BEGIN PROVIDED MATERIAL

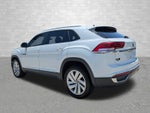 2021 Volkswagen Atlas Cross Sport 2.0T SE W/TECHNOL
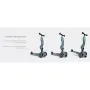 Trotineta copii cu sezut, transformabila 2in1, HighwayKick 1 Blueberry, 1-5 ani, pana la 50 kg, Scoot  Ride - 13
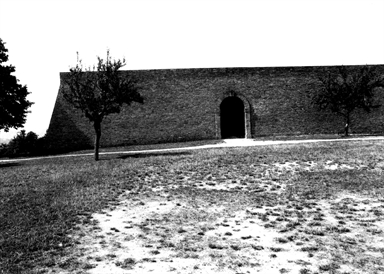Fortezza Albornoz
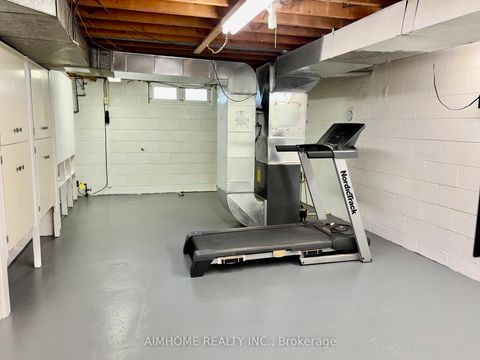 Photo 18 at 12 Canham Crescent, Malvern West, Toronto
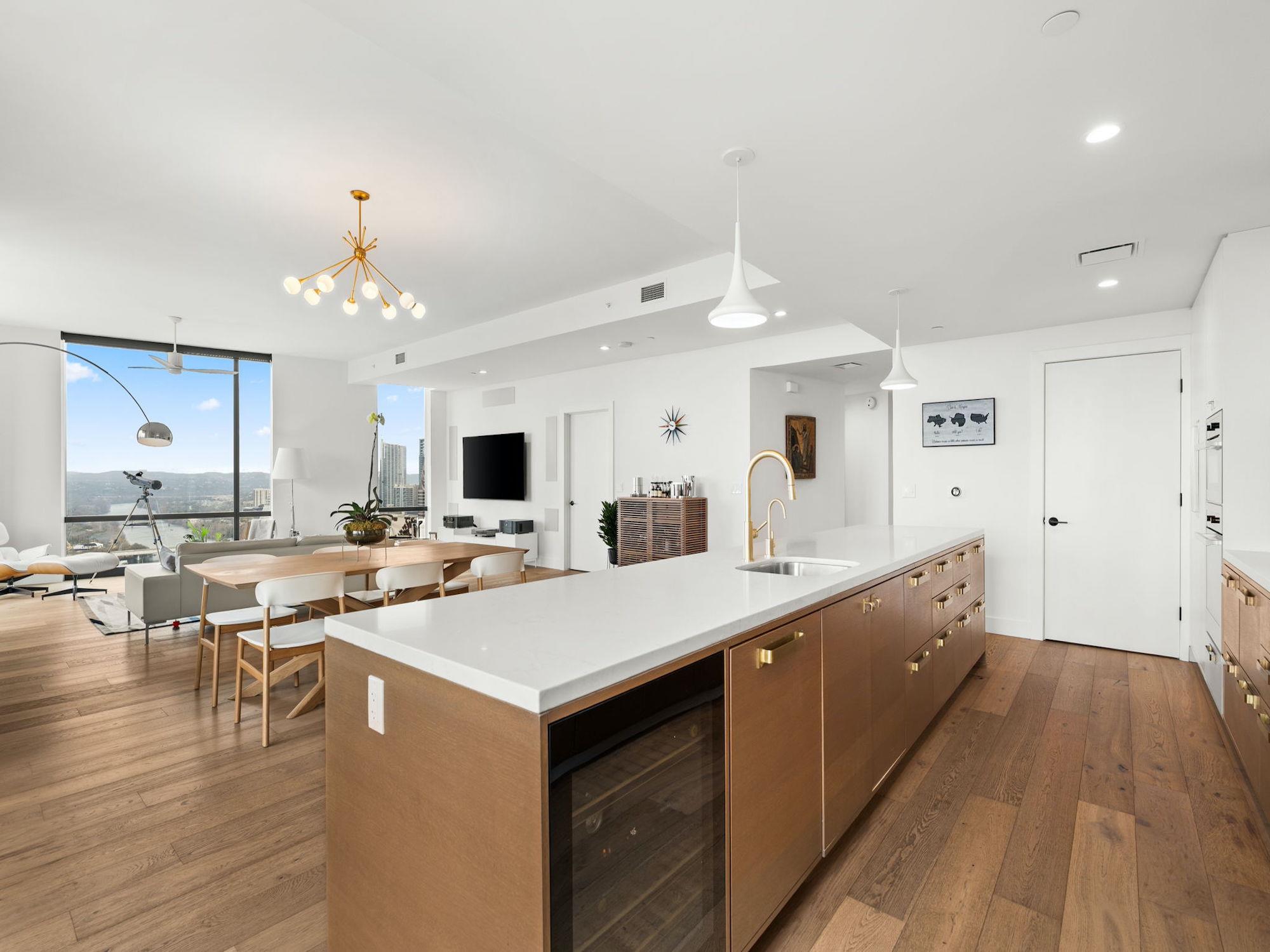 70 Rainey Street Austin TX 78701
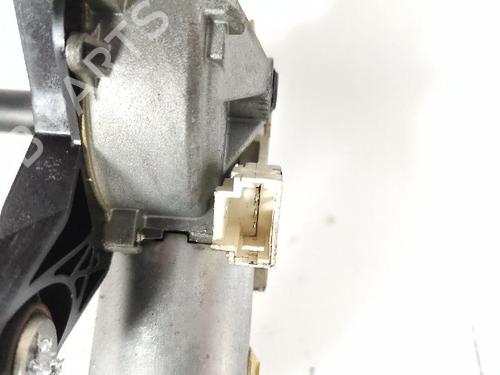 Rear wiper motor RENAULT CLIO III (BR0/1, CR0/1) 1.5 dCi (C/BR0G, C/BR1G) | BP31012762M102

END PROVIDED MATERIAL

_WHAT TO DO:_ What is needed is an exact copy of the lines above from the one with "Trotineta copii cu" to the one with "70 Rainey Street Austin TX 78701", both ends kept, and nothing more; please leave the pictures out.

_REPLY TO THE TASK:_
 Trotineta copii cu sezut, transformabila 2in1, HighwayKick 1 Blueberry, 1-5 ani, pana la 50 kg, Scoot  Ride - 13
Fortezza Albornoz
 Photo 18 at 12 Canham Crescent, Malvern West, Toronto
 70 Rainey Street Austin TX 78701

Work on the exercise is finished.